* [Saved entries]:
□ □ □
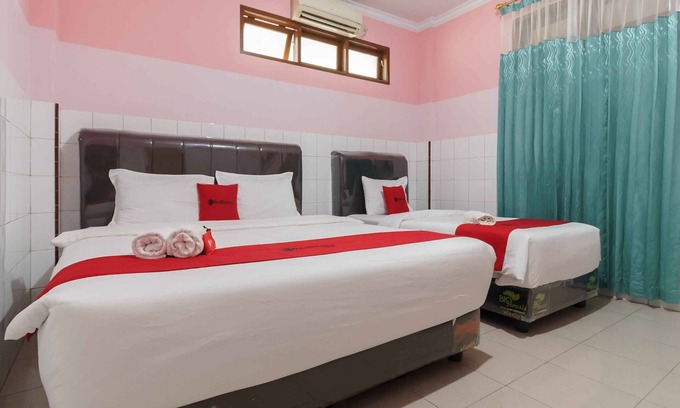 Medan Hotel | RedDoorz Plus @ Jalan Gatot Subroto Medan
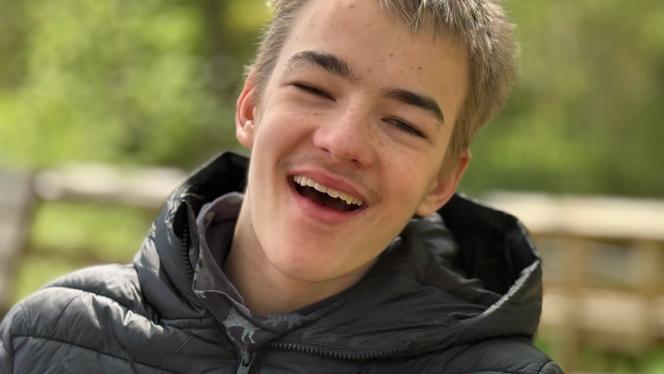 Attēls rakstam: Palīdzēsim 15 gadus vecajam Emīlam no Saukrastiem saglabāt spēju stāvēt!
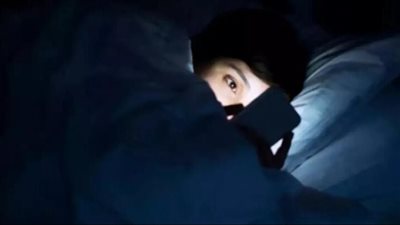 هل تفتح هاتفك في الظلام يوميا؟ هذا ما يحدث لعينيك دون أن تشعر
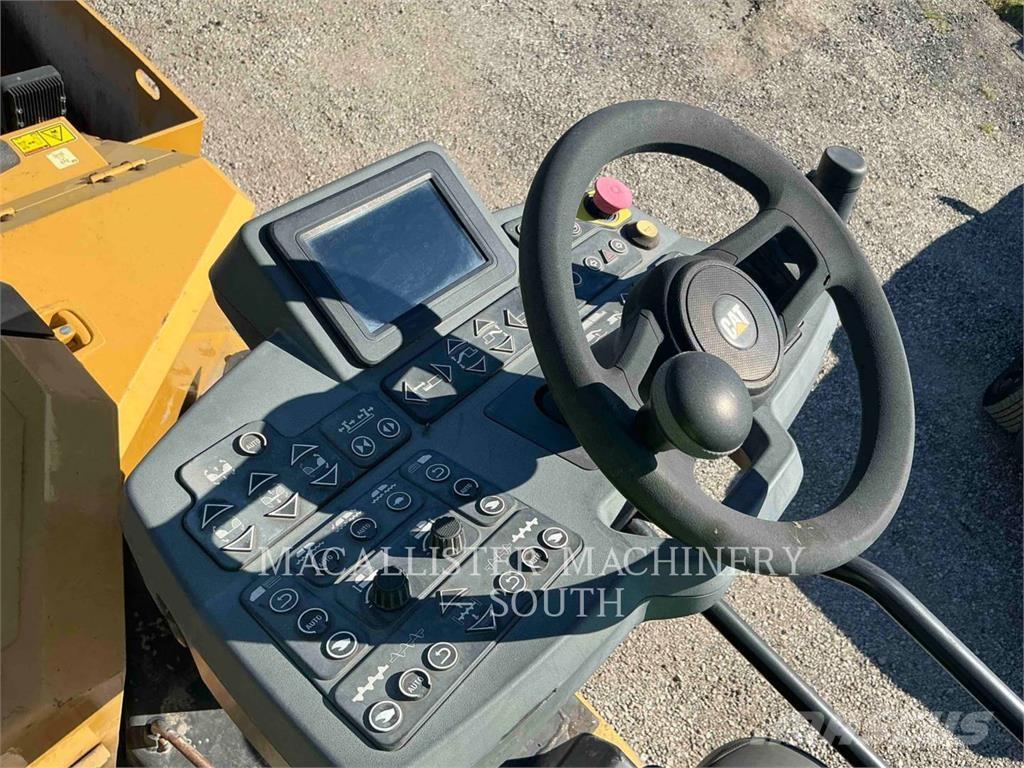 CAT AP555F Asphalt pavers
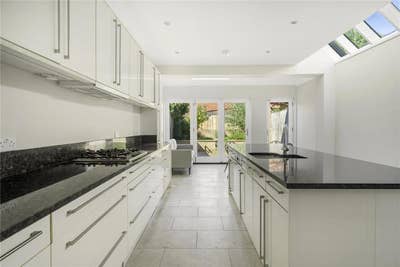 Lovely decorated double room near Magdalen Road Main Photo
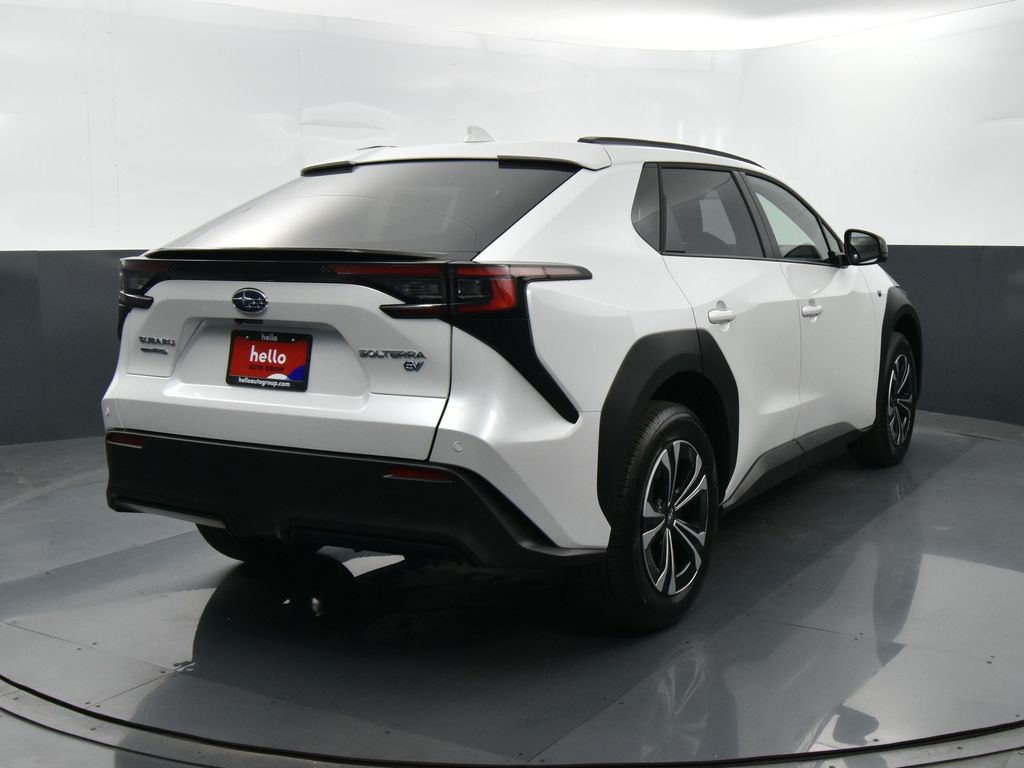 2025 Subaru Solterra Premium photo 26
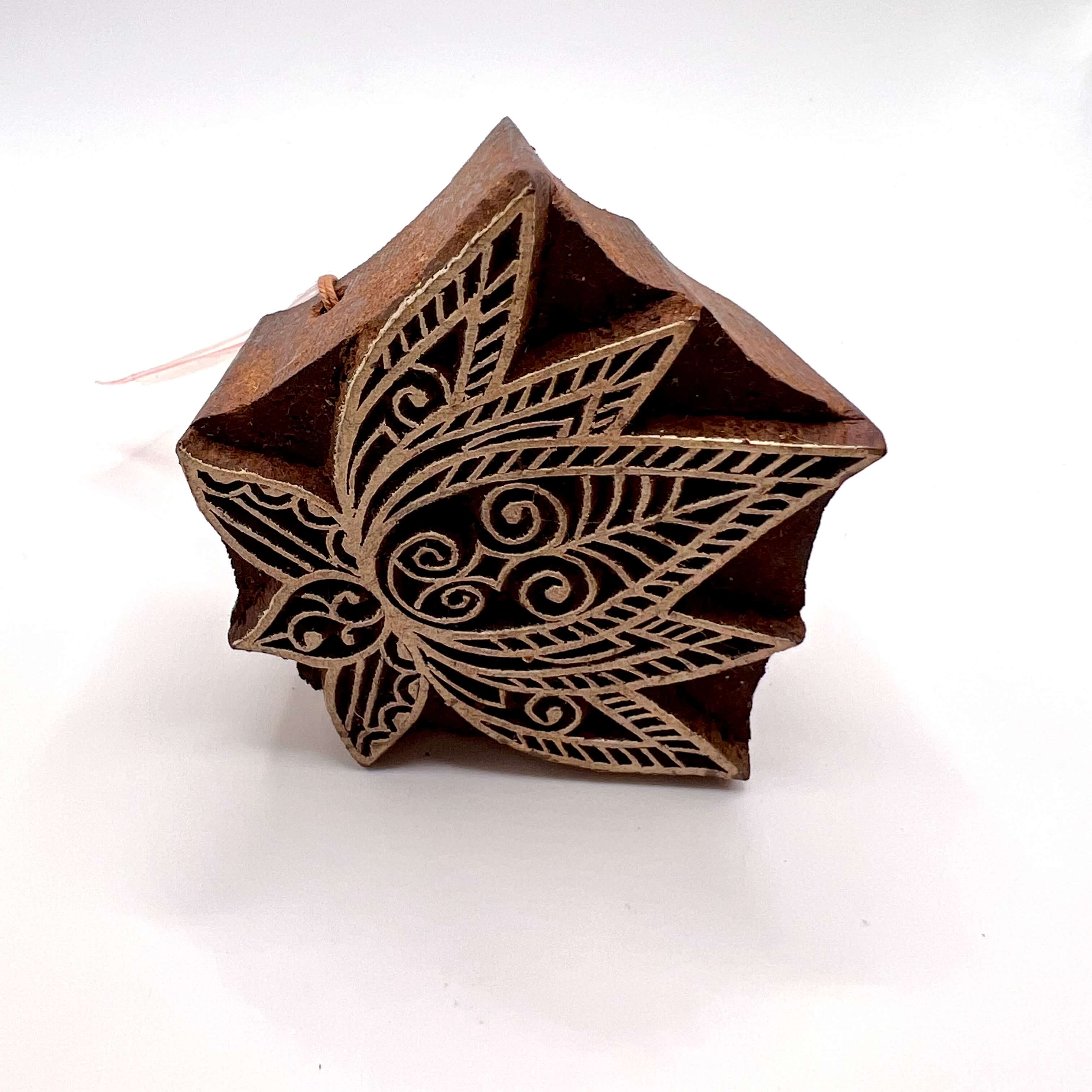 Puuleimasin Intricate Lotus | Block Wallah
□ □ □
* [EXERCISE INSTRUCTIONS]: The job here is to retype the data exactly, with no pictures included.

* [EXERCISE RESULT]:
 Medan Hotel | RedDoorz Plus @ Jalan Gatot Subroto Medan
 Attēls rakstam: Palīdzēsim 15 gadus vecajam Emīlam no Saukrastiem saglabāt spēju stāvēt!
 هل تفتح هاتفك في الظلام يوميا؟ هذا ما يحدث لعينيك دون أن تشعر
 CAT AP555F Asphalt pavers
 Lovely decorated double room near Magdalen Road Main Photo
 2025 Subaru Solterra Premium photo 26
 Puuleimasin Intricate Lotus | Block Wallah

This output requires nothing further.